In the comments, you leave some personal information about yourself, explaining why someone would want to read your journal; in this way, all you fascinating people will find your way to each other.
There's one twist, though: You must, as your last line, list your favorite movie. If you can't pick a favorite movie, as many can't, then pick your favorite movie that you've seen in the last year. If you don't have a favorite movie, then you baffle me. Here, I'll go first:
I'm Ferrett. I swing wildly between the poles of "completely obscene" and "tender notes to my wife," with a healthy dose of puns to liven it up. I like big questions that can't really be answered; I like exploring gray zones where only fools have a clear answer. In short, I like staring at the bits of humanity which nobody can really answer clearly. I'm also trying to go professional as a writer, which means that I spend far too much time blathering on about the details of fiction. This is probably good, though, since it's stopped me from blathering about Rock Band as much.

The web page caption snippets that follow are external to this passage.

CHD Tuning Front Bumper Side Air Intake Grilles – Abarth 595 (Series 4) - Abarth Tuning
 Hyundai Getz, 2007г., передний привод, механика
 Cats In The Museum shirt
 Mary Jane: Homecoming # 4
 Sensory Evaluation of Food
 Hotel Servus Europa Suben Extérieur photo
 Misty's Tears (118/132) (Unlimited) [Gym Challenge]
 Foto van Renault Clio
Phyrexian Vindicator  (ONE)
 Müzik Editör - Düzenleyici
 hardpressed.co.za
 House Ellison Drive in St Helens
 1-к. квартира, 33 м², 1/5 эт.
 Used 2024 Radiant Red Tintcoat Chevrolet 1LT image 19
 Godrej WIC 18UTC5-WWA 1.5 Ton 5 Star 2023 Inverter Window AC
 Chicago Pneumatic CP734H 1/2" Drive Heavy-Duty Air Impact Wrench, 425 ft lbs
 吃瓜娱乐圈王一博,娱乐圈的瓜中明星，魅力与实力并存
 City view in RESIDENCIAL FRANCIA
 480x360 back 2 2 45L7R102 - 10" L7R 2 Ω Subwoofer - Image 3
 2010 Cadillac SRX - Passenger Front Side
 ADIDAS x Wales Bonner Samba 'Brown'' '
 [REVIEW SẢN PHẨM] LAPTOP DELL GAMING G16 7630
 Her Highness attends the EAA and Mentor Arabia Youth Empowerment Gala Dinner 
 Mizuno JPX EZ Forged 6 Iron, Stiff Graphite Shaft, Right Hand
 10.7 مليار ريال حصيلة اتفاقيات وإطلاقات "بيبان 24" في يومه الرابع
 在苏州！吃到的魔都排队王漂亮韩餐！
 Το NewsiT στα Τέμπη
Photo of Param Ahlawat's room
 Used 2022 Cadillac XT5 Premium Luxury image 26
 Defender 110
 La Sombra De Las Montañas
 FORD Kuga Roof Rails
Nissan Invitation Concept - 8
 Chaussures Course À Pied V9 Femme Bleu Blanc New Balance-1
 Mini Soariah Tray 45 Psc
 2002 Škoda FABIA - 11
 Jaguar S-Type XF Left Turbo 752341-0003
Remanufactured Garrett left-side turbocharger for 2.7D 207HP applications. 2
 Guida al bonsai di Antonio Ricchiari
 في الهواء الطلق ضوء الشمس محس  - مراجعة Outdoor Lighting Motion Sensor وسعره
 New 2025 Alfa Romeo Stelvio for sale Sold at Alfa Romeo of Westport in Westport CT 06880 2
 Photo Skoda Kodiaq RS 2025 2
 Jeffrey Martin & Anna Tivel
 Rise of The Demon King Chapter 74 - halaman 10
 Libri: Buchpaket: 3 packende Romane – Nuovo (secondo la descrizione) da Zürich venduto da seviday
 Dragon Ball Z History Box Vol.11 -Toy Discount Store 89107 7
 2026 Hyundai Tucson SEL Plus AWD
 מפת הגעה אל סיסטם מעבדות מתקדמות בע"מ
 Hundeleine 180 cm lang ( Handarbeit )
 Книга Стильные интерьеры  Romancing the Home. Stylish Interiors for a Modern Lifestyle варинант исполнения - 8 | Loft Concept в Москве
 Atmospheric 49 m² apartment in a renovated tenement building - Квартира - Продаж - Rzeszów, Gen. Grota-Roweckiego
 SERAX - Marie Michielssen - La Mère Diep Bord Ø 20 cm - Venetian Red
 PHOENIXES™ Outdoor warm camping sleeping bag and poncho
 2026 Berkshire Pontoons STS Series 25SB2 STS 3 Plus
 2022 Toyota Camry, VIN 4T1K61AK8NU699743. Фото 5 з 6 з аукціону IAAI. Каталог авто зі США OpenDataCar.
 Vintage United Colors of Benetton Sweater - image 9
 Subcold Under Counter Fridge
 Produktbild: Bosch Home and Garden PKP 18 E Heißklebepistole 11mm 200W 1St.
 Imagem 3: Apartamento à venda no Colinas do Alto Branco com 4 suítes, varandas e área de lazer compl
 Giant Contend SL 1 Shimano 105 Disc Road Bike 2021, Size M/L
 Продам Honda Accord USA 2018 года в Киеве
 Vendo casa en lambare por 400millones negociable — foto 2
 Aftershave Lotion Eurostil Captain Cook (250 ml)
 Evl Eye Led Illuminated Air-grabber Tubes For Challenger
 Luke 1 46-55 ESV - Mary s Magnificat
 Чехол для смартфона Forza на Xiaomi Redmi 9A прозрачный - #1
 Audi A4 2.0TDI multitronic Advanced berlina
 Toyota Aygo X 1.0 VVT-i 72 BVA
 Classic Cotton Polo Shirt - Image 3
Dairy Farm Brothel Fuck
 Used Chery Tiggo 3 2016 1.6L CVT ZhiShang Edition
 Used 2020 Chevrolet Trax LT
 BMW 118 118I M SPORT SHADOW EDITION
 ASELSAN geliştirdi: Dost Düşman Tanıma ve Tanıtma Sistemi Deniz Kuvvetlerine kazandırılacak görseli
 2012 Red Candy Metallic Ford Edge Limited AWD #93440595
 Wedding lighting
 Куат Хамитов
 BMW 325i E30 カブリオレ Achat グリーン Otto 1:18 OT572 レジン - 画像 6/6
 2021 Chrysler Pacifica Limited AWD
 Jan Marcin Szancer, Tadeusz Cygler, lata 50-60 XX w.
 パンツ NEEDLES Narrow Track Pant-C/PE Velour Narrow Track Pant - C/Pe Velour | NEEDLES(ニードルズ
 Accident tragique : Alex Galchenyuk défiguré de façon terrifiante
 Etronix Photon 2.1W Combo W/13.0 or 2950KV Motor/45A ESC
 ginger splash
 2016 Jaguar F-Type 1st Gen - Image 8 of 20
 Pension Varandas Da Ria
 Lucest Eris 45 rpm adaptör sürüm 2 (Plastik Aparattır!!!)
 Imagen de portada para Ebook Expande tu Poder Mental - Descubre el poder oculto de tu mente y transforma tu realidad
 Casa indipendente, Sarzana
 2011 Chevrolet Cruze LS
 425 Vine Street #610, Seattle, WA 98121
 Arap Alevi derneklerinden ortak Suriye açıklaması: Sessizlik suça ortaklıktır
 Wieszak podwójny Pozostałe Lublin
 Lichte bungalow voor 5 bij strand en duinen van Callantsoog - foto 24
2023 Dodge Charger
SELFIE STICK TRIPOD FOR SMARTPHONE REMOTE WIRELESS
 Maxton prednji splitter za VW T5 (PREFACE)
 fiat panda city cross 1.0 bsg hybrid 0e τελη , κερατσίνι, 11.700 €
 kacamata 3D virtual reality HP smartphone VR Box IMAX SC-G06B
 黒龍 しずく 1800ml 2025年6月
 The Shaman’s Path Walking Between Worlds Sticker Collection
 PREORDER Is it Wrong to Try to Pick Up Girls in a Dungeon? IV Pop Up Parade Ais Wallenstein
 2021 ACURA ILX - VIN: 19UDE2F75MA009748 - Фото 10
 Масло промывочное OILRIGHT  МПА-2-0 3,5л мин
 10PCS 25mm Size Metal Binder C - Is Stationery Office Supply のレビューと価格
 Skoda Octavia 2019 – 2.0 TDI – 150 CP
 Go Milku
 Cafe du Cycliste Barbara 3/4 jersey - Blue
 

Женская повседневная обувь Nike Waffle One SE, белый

My favorite movie cycles between "Star Wars," "The Godfather," and "Galaxy Quest," which really doesn't say much about me because hell, they're all pop culture icons. If I had to pick my favorite movie of the last year, then I'd have to say The Hurt Locker - which I reviewed here, but if you don't want to read that I'll say it's the kind of movie that many will hate. It's more tense than most horror films, given that it's about a man defusing bombs in Iraq, and yet it has a strong character at the center that makes you wonder why the hell this guy is launching himself headlong into the most dangerous assignments? It's a film that I'm not sure I want to watch a lot, but I will buy it when it comes out on DVD (a rarity these days) because I know I'll be saying, "You never saw Hurt Locker?" and leap to my shelves so they can borrow it immediately.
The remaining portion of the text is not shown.